== Segment start ==
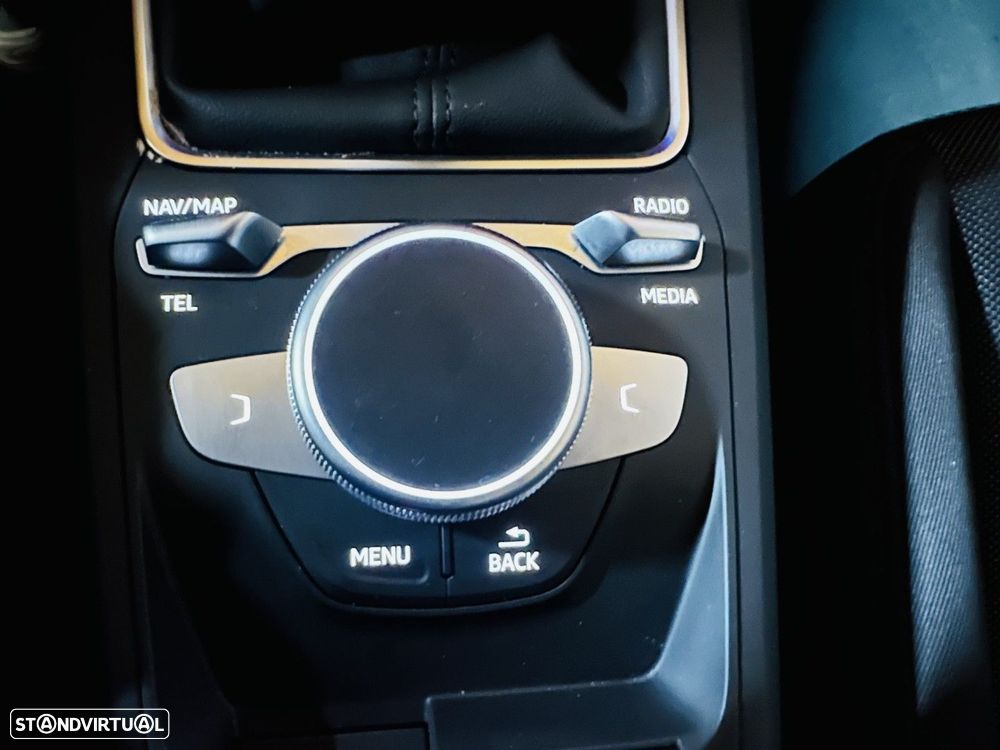 Audi Q2 30 TFSI Advanced - 22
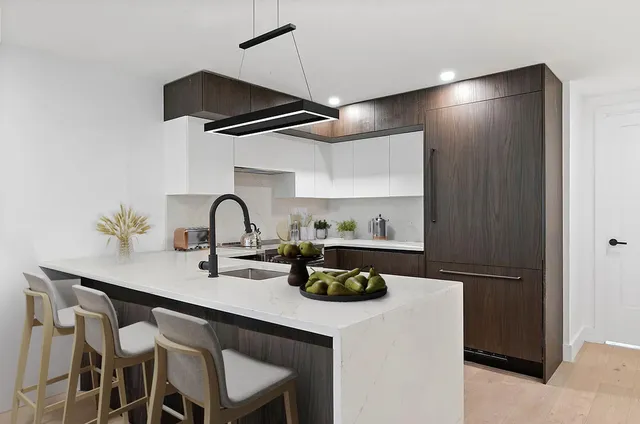 $895,000 | 62 Veronica Place, Unit 1A | Flatbush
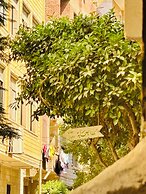Giza Pyramids View Guest House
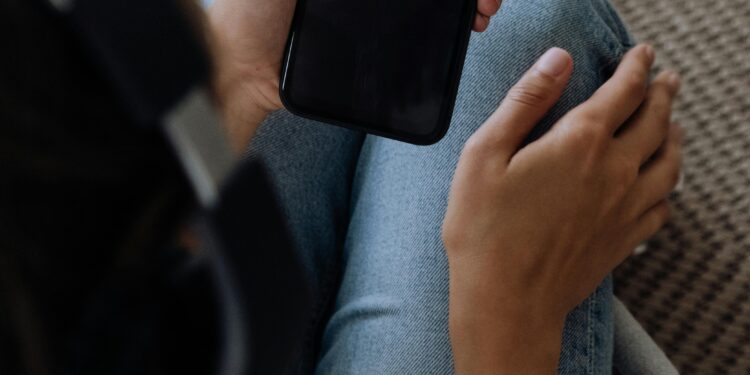 Le canzoni più famose sulla Primavera: un viaggio musicale tra sole e rinascita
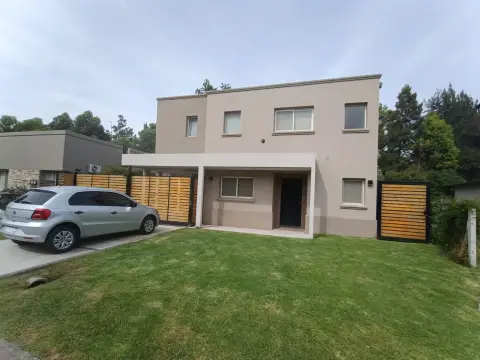 Casa de 3 dormitorios en El Portal, Pilar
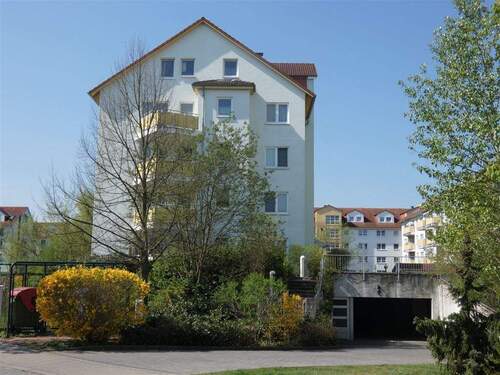 Zufahrt - FRISCHE RENOVIERT - Gemütliche 2-Zimmer-Wohnung mit Einbauküche und Balkon
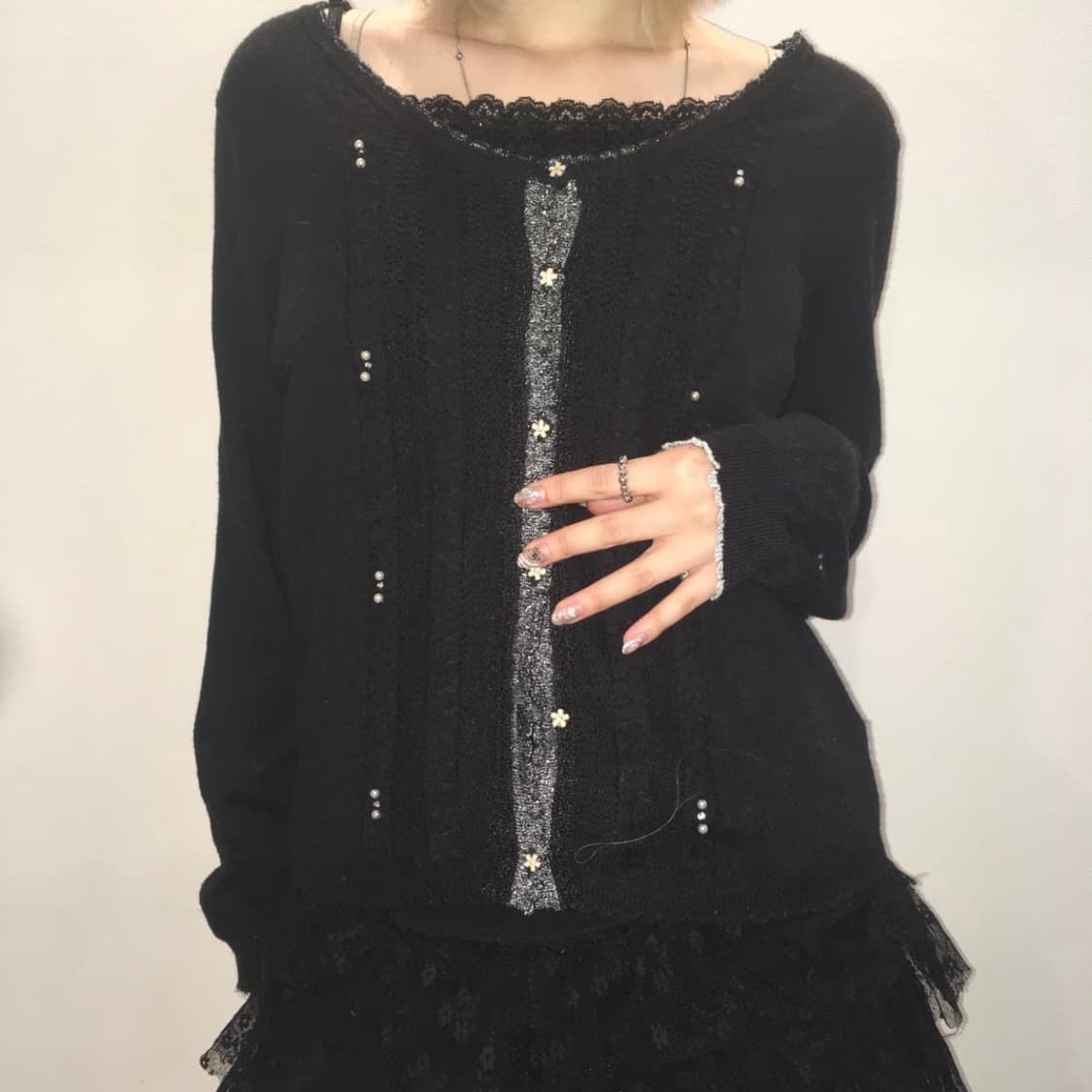 axes femme 블랙 펄 레이스 가디건 상품이미지2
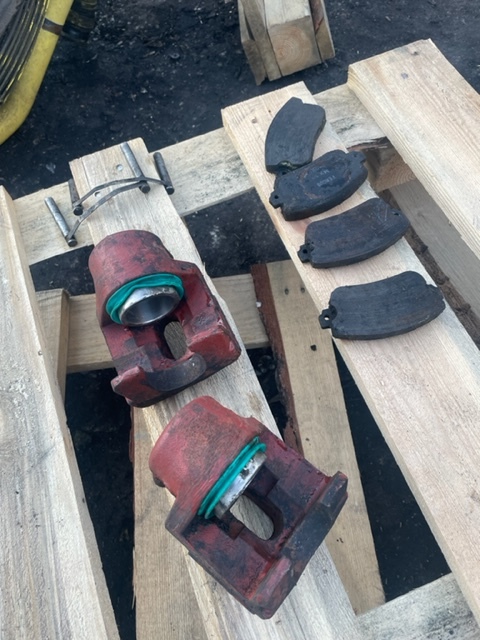 Zacisk hamulca merlo - Bromsok för Lantbruksmaskiner: bild 2 Zacisk hamulca merlo - Bromsok för Lantbruksmaskiner: bild 2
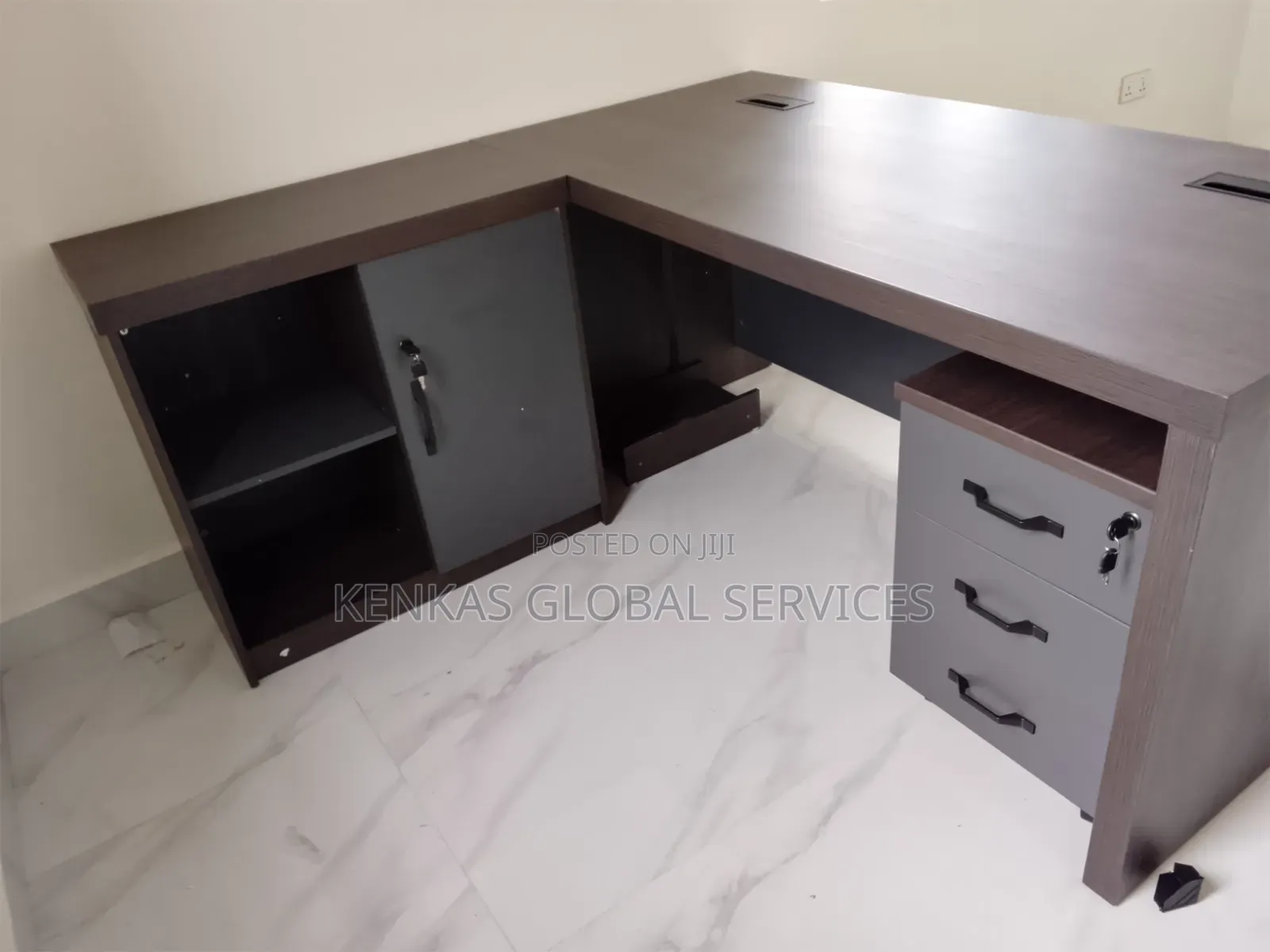 1.6mtr Office Table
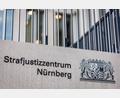 Bild: Daniel Karmann/dpa
Der Mann aus dem Landkreis Erlangen-Höchstadt hatte laut dem Landgericht seine Frau auf einem Rastplatz an der A73 zusammen mit drei anderen Männern vergewaltigt.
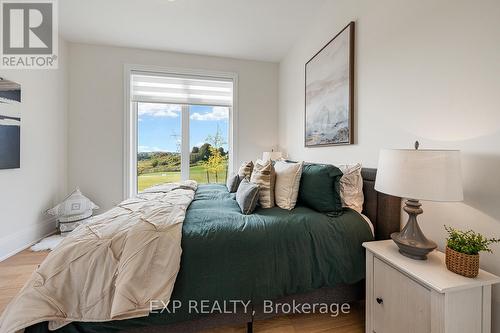 25 Franklin Crescent, Whitby, ON - Indoor Photo Showing Bedroom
== Segment end ==
*WHAT YOU ARE ASKED TO DO:* All records above are to be printed exactly, minus the pictures they contain.

*EXPECTED OUTPUT:*
 Audi Q2 30 TFSI Advanced - 22
 $895,000 | 62 Veronica Place, Unit 1A | Flatbush
Giza Pyramids View Guest House
 Le canzoni più famose sulla Primavera: un viaggio musicale tra sole e rinascita
 Casa de 3 dormitorios en El Portal, Pilar
 Zufahrt - FRISCHE RENOVIERT - Gemütliche 2-Zimmer-Wohnung mit Einbauküche und Balkon
 axes femme 블랙 펄 레이스 가디건 상품이미지2
 Zacisk hamulca merlo - Bromsok för Lantbruksmaskiner: bild 2 Zacisk hamulca merlo - Bromsok för Lantbruksmaskiner: bild 2
 1.6mtr Office Table
 Bild: Daniel Karmann/dpa
Der Mann aus dem Landkreis Erlangen-Höchstadt hatte laut dem Landgericht seine Frau auf einem Rastplatz an der A73 zusammen mit drei anderen Männern vergewaltigt.
 25 Franklin Crescent, Whitby, ON - Indoor Photo Showing Bedroom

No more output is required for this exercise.